Cumulative distance: 2499.8 km

Maximum speed: 125 kph

Moving average: 60 kph

Temperature range: 16.0 - 35.8

Maximum elevation: 649 metres

I had spent the night before plotting out a destination for Thursday night. I figure after a week straight of camping I was due for a proper bed with sheets, so had booked an Airbnb.

When I get up, Russell is waiting for me and when he sees me walking to the shower, he calls out and asks me if I would like a cup of coffee. The old, classic "bait and switch". I said sure, after my shower. The shower is coin operated and only take quarters. So I plunk in three quarters only to discover that it takes a minimum of four to get the water going so I have to go back out and ask Russell if he can lend me a quarter. He gives me a $1 token. He saved me from a long walk in my pajamas back to the gate.

Once I have showered, Russell is ready for me. He asks how I like my coffee and he delivers a cup with WHIPPING cream. AND cleaning product. Russell wants to detail my bike. Maybe he thinks I'm a slob and that he could do better, I don't know and even though I am slightly embarrassed, not too much and he gets to work, Have at her, buddy. While he is doing this, he tells me about all the cleaning of vehicles he does, for himself, his neighbours, his neighbours who are away, that he has a long pole for cleaning high on his super fancy camper van and that he made a bunch of modifications to his van as he is a retired machinist from Boeing. I ask him if he has seen the Netflix documentary about the Boeing 737 Max. He seems oblivious, maybe because he has been retired for seven years. Russell loves to visit and the coffee was the price. It's ok, I'm not in too much of a hurry and he did lend me a dollar at a desperate time in my life. We spend well over an hour visiting. I get a thorough tour of his van and his modifications. Fortunately, his wife is waiting for them to go on a bicycle ride so when I tell him it is time for me to get about my chores, he only talks for about fifteen more minutes.

I start out on Hwy 101 and it is alternating between sun and fog. It is fresh at 16 degrees and I need to stop to put on a wind proof layer. But it is my final day on the coast so I need to be comfortable and happy.

The highway turns inland and I see a sign that says "coastal route" so I veer off. It is twisty, scenic and fun. On my left, the sky is sunny and on my right the sky is sometimes foggy, sometimes sunny. Not so foggy that I can't see something great, though. 

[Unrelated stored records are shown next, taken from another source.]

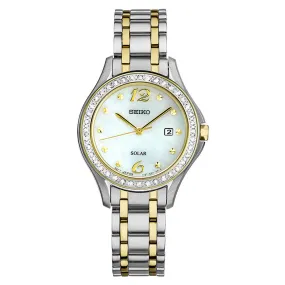 Seiko SUT312 Women's Core Solar Swarovski Crystals MOP Dial Two Tone Steel Power Reserve Watch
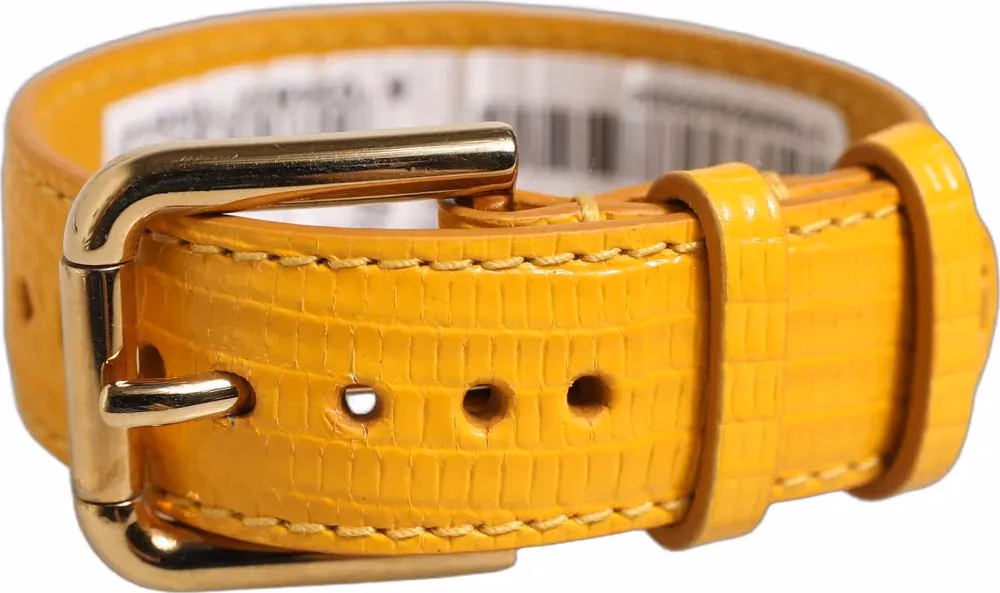 Dolce & Gabbana Yellow Textured Leather Gold Buckle Belt Strap Bracelet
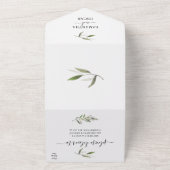 Moderne Waterverf Groene Olijftak All In One Uitnodiging (Buitenkant)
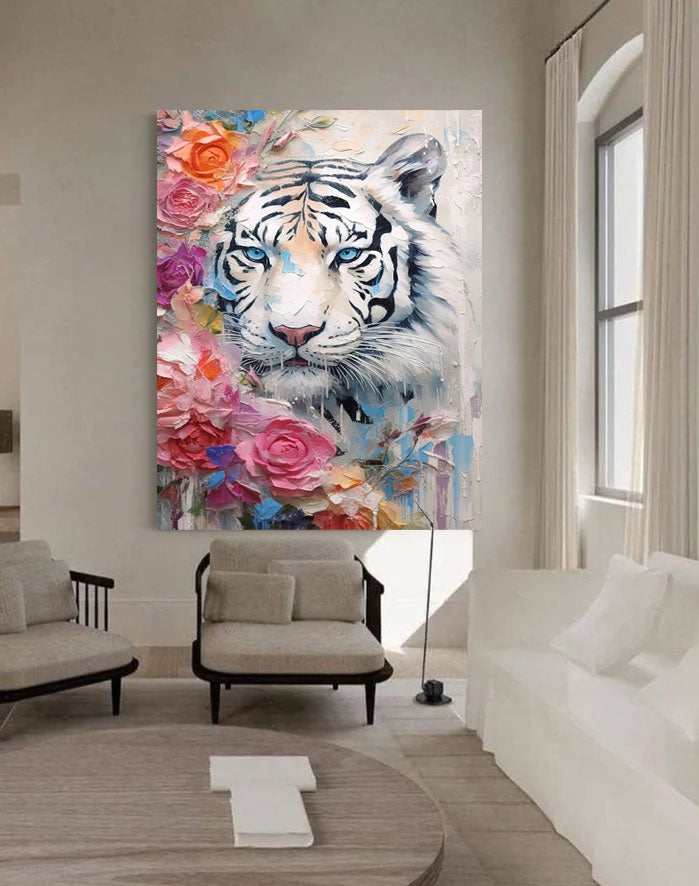 White Tiger with Blossoms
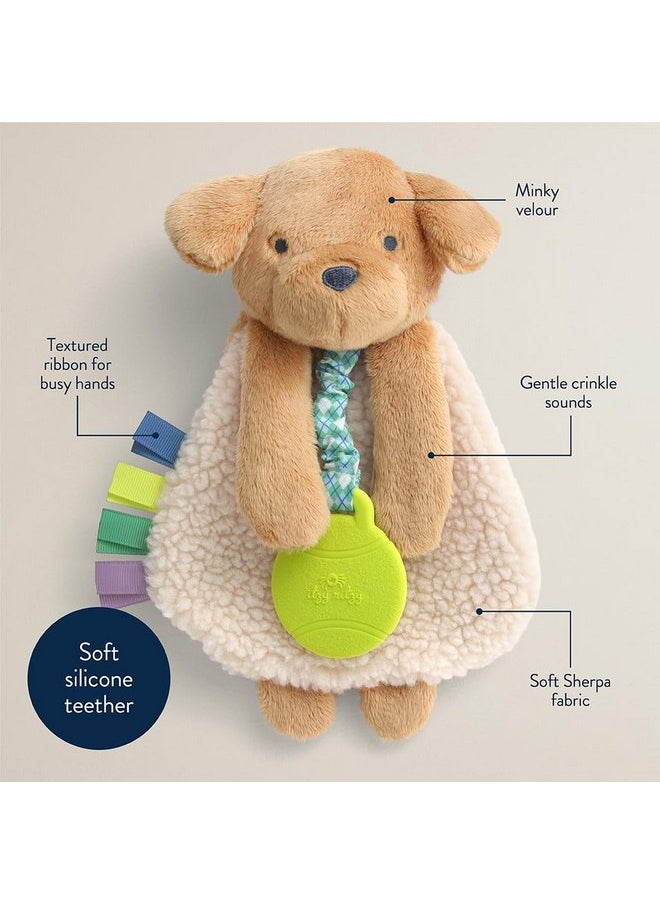 Itzy Ritzy - Itzy Lovey Including Teether - Baby Lovey with Teether, Textured Ribbons & Dangle Arms - Features Crinkle Sound, Sherpa Fabric and Minky Plush (Puppy)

When I get through Manchester (California), I realize that had I not, on a lark, taken the coastal route, I would have missed my intended route over to Sonoma because Hwy 101 turns towards Sonoma much earlier than I wanted. And because I don't like riding freeways, I had specifically chosen to ride over the mountains on the narrow, twisty "Mountain View Road". Hwy 101 would have kept me from that ride.

That's all she wrote.
Close to the turn inland, I see I sign that says "coastal access" so for one last look and one last picture, I take that road and ride out to get a view. It is another rough road and in the middle of nowhere; at the nearly-end of the road, there is a state forest and what I think are a couple of acreages and what looks like an abandoned pickup truck. I get a fleeting view of that the ocean and that's it for who knows how long. Inland it is.

I start up Mountain View Road inland. It is as I visualized from looking at Google Maps: narrow and twisty. Also, enshrouded in forest. Lots of up and down, too and the road is not in good shape but it is hard surfaced all the way except where there was some road work happening. It was hard riding and after riding at 16 degrees earlier, it got warm real fast, made more challenging by how much work it was to navigate and throw the bike around. There is a large elevation gain of  650 metres. This is similar to the riding from yesterday but without the stress of being low on gas.





I arrive at the Airbnb around 5:00 pm, dog tired. They have a retriever, who is VERY happy to see me. This dog is not tired. I think I am going to have to ride to get dinner but as it turns out, it is only a brisk fifteen minute walk to downtown Windsor. My hosts tell me it is a safe neighbourhood and that my bike will be o.k. on its own out on the street.

I get a couple of recommendations and after I am settled into the place I head out. Much to my amazement, it is really fresh and I regret not wearing a jacket. This amazes me because of how hot it was earlier. This actually contributes to the area being such a good wine region: hot during the day and cool at night.

Once I am back, I have to retrieve a couple of things from the bike and find my camera and water bottle on the seat. Four hours after leaving it there. 

I was out for nearly two hours, including the walk, which is all I can handle for one day. Despite there being a hot tub and my goal to soak in there, I don't have it in me. But I am really glad for the change.